7:60 / tendo dito isto, adormeceu: esta é a expressão característica para a morte do crente (p.e., 1 Tessalonicenses 4:15), embora nunca tenha sido usada para Cristo. Porque Cristo morreu, nós simplesmente "adormecemos". Mas a morte de Estevão teria sido uma execução legal ou um homicídio? A regra talmúdica diz que "o blasfemo não é culpável, a menos que ele pronuncie o Nome (de Deus)". Contudo, mesmo supondo que essa regra se aplicasse nos dias de Estevão, nada há no sermão dele, como chegou até nós, nem mesmo no v. 56, que demonstre de modo conclusivo que Estevão foi culpado nos termos do Talmude. J. Klausner, From Jesus to Paul (De Jesus a Paulo, Londres: Macmillan, 1944), p. 292, assume a opinião de que Estevão não foi tecnicamente culpado, e atribui sua morte a determinadas "pessoas fanáticas" dentre os circunstantes "que decidiram o caso por si mesmas". Tais pessoas "não se incomodaram a respeito da regra judicial", afirma ele, "mas simplesmente arrastaram Estevão para fora da cidade e o mataram por apedrejamento". Todavia, o texto não menciona essas "pessoas fanáticas", e Lucas nos dá a impressão de que pelo menos algumas formas legais foram levadas em consi­deração. É melhor, portanto, considerar a morte de Estevão como uma execução legal.

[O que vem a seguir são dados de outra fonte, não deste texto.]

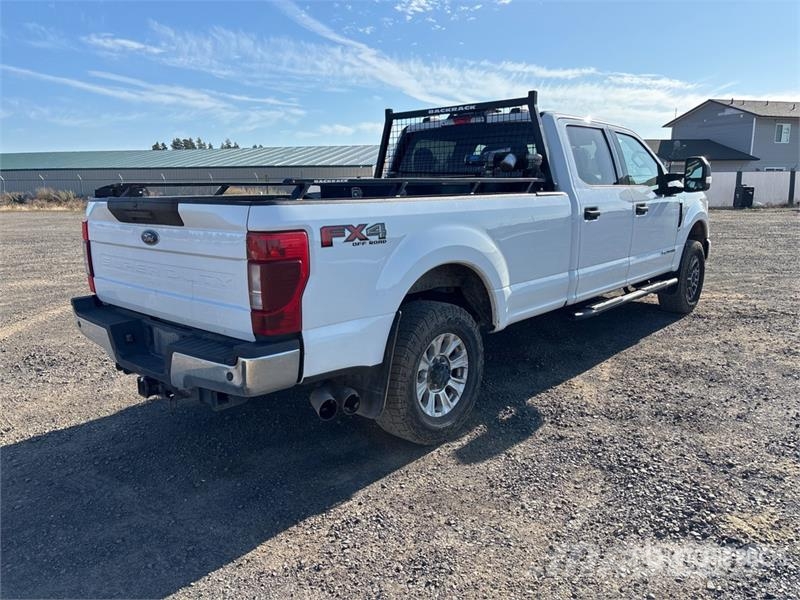 Ford F-350 XLT 4x4 Crew Cab Pickup Прочие фургоны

A verdadeira dificuldade (e a razão mais freqüentemente citada para que consideremos a morte de Estevão um linchamento, e não decorrência de uma sentença legal) está no relacionamento que este incidente pressupõe entre o governo romano e o Sinédrio. Parece não haver dúvida que sob o governo romano, e também sob o herodiano, o Sinédrio não tinha autoridade para executar sentença de morte, sendo obrigado a submeter todos os casos desta natureza ao governador (mas veja a disc. sobre 21:27ss.). Entretanto, nesta ocasião o Sinédrio poderia estar em circunstâncias especiais, em que o poder romano estaria desautorizado e inusitadamente relaxado, como ocorrera no intervalo entre a saída de Pôncio Pilatos, em 36 d.C, e a chegada de seu sucessor, Marcelo. Todavia, ainda que 36 d.C. pareça uma datação tardia demais para a morte de Estevão, pelo menos deve ter ocorrida nos últimos anos do governo de Pilatos. Estes haviam sido os anos em que a política imperial era a de aplacar os judeus, política que se reafirmara após a remoção de Sejano. Pilatos havia sido nomeado por Sejano; agora, a posição deste estava sob risco e lhe seria melhor usar de máxima prudência. O Sinédrio teria conhecimento disto e esperaria poder pôr as coisas em ordem com o governador, ainda que agora o concilio agisse ilegalmente. Fosse como fosse, o governador morava a dois dias de distância, na Cesaréia, e os conciliares não tinham a mínima vontade de aguardar-lhe a aprovação. A situação que havia possibilitado a morte de Estevão teria também insuflado a perseguição que se seguiu, na qual outros cristãos talvez tenham também morrido (veja 26:10).